The highlight of my time in Boston was Sunday, when I was able to participate in CLVU's campaign to challenge the dirty dealings of City Realty Group, which has bought up over a hundred properties across Boston and is systematically evicting tenants and imposing brutal rent increases to drive out working-class residents. We spent time Sunday canvassing properties owned by City Realty, talking with tenants about their rights, and encouraging them to come to CLVU meetings to get free legal counsel and organize with others in their same situation.

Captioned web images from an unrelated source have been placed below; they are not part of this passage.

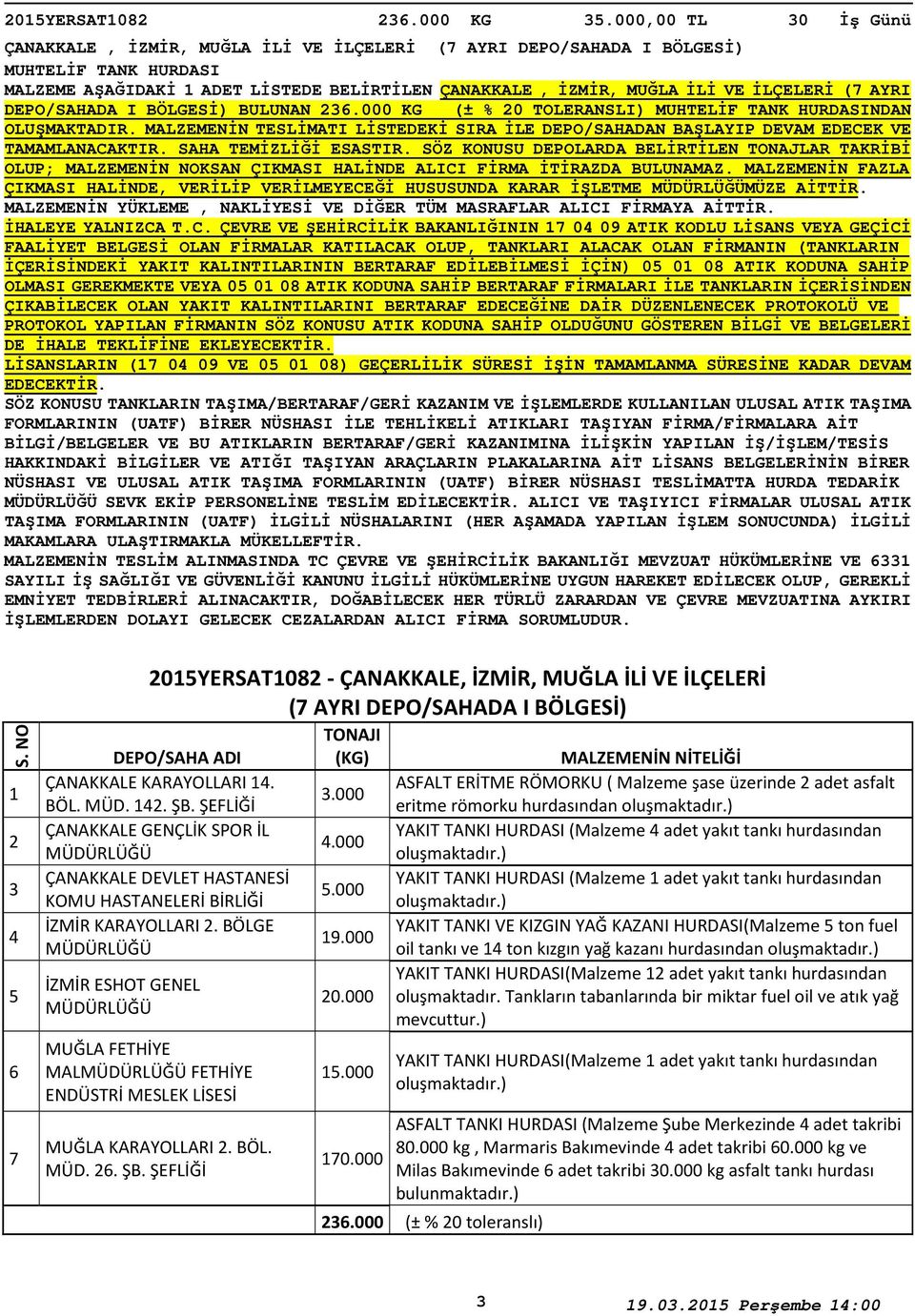 BÖLGESİ) BULUNAN 6.000 KG (± % 0 TOLERANSLI) NDAN OLUŞMAKTADIR. MALZEMENİN TESLİMATI LİSTEDEKİ SIRA İLE DEPO/SAHADAN BAŞLAYIP DEVAM EDECEK VE TAMAMLANACAKTIR. SAHA TEMİZLİĞİ ESASTIR.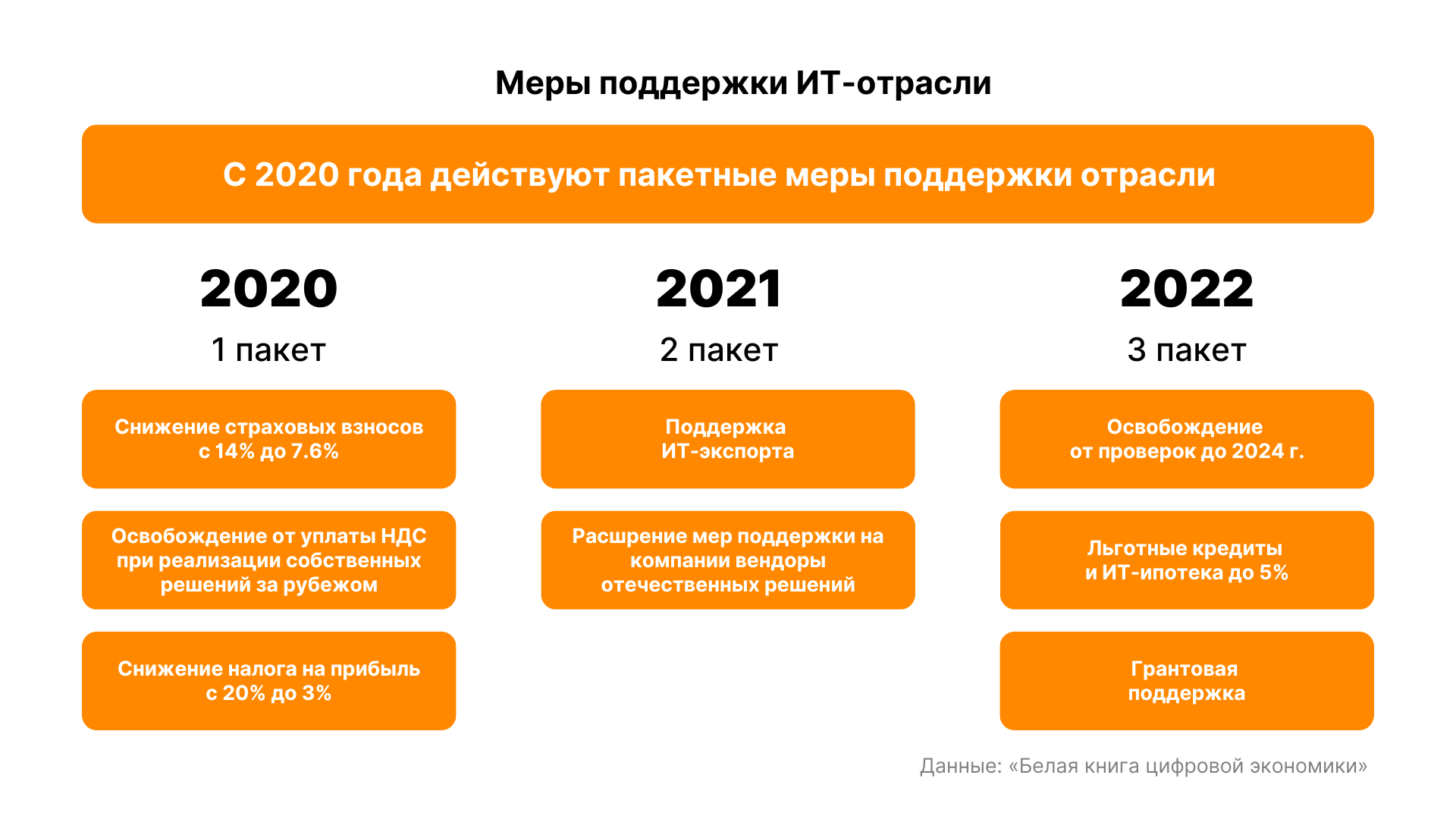 меры поддержки ИТ-отрасли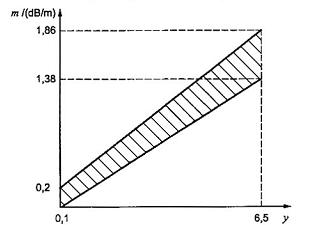 Hình 1.2 - Các giới hạn cho m đối với y, đám cháy TF4 - Các đầu báo cháy sử dụng ánh sáng tán xạ hoặc ánh sáng truyền thẳng có dải giá trị ngưỡng kích hoạt được công bố 0,2 m <>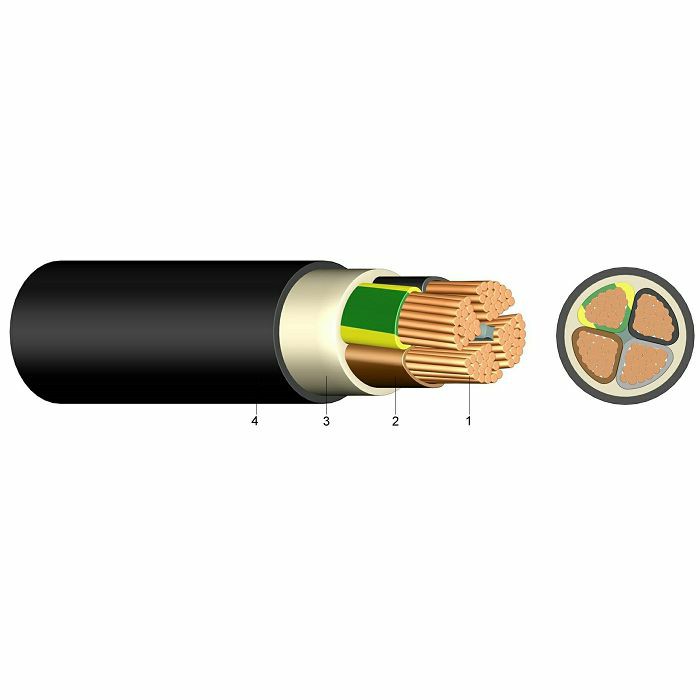 KABEL PP00-Y 5×1,5 re (E-YY-J)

It was a powerful experience to witness the human cost of City Realty's business practices. One woman we talked to had her rent raised by $150 dollars when City Realty bought the building. She had been living in the building for five years and never missed a rent payment, but when her rental check was one day late she woke up to find an eviction notice on her door! I met another man who lost his home to foreclosure and tried to buy it back from the bank for $230,000. At the last moment, City Realty group swooped in and bought his home out from under him for $233,000. Then, they let him know that he could have it back, but it would cost him $490,000!

While we were canvassing, we actually ran into a couple of folks who apparently worked for City Realty. From what we could tell, the tenants of the building had been evicted, and these men were getting the property ready for new, higher-rent tenants. As we tried to engage them in conversation, they were intensely defensive. These men knew that they were up to no good.

Door-knocking in west Boston, we saw both sides of this story. We met those who had been struck, and those who were delivering the blow. We saw the working-class women and men of color who wanted to stay in their homes, and the wealthy investors who saw their homes purely as business opportunities. I was outraged at the gangster-like character of these real estate investors, whose business model relies on pushing families out of their homes. It was almost enough to make me want to move up to Boston and get involved in the fight. I was mad as hell!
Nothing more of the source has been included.